1. Como se esperava, o acordo comercial entre a UE e o Reino Unido, concluído in extremis, mantém o comércio de produtos entre ambas as economias (incluindo indústria, agricultura e pescas) isento de tarifas aduaneiras e de restrições quantitativas, como antes (mas agora sujeitos a controlos fronteiriços).
Todavia, o que há de inovador no acordo não é a sua amplitude pouco ambiciosa (que tem pouco cobertura quanto aos serviços), mas sim aquilo que se veio a designar nas negociações como level playing field, ou seja, a proibição de as partes degradarem os seus padrões laborais e ambientais e de recorrerem a ajudas de Estado para aumentarem artificialmente a sua competitividade recíproca nas trocas comerciais entre eles.
Nunca se tinha ido tão longe nesta preocupação. Como mostrei anteriormente, Londres não poderia gozar de melhores condições de acesso ao mercado interno da União depois de sair do que antes.

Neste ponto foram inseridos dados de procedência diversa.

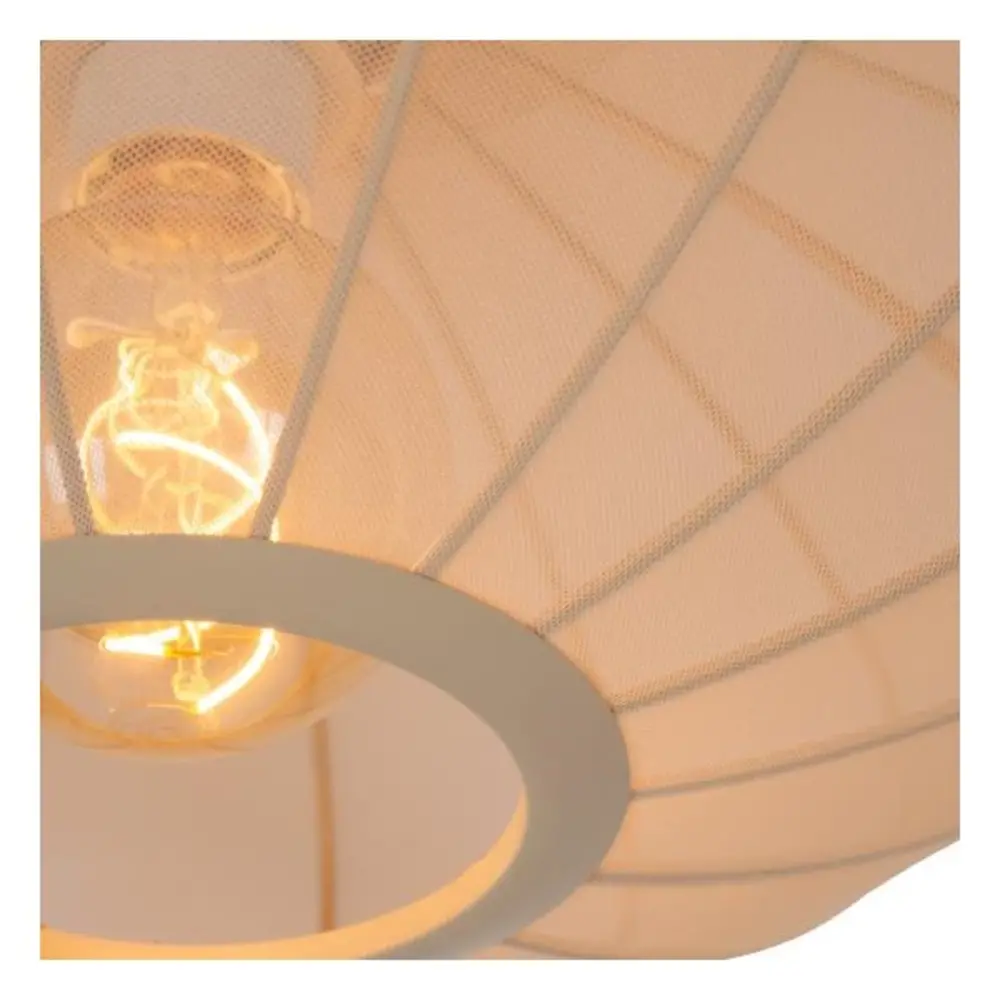 Lucide  LED Hanglamp - CORINA - Ø 50 cm - 1xE27 - Crème - Dimbaar - Geschikt voor LED - Verstelbare Hoogte - Modern Design - 40W - 230V - Woonkamer Lucide  LED Hanglamp - CORINA - Ø 50 cm - 1xE27 - Crème - Dimbaar - Geschikt voor LED - Verstelbare Hoogte - Modern Design - 40W - 230V - Woonkamer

2. Note-se, no entanto, que desde há duas décadas, os acordos comerciais da União já incorporavam uma cláusula laboral e ambiental, com o mesmo objetivo. A diferença estava em que até agora essas cláususlas eram desprovidas de mecanismos de enforcement, pelo que a sua violação não era suscetível de sanção, nomeadamente através da aplicação de tarifas aduaneiras compensatórias ou retaliatórias.
Há muito que eu criticava esta falha da política de comércio externo da União, designadamente no meu livro de 2014 sobre o assunto (capa em epígrafe). Apraz-me verificar que, finalmente, essa falha foi corrigida, sendo de esperar que a solução encontrada passe a ser uma regra em todos os futuros acordos comerciais da União.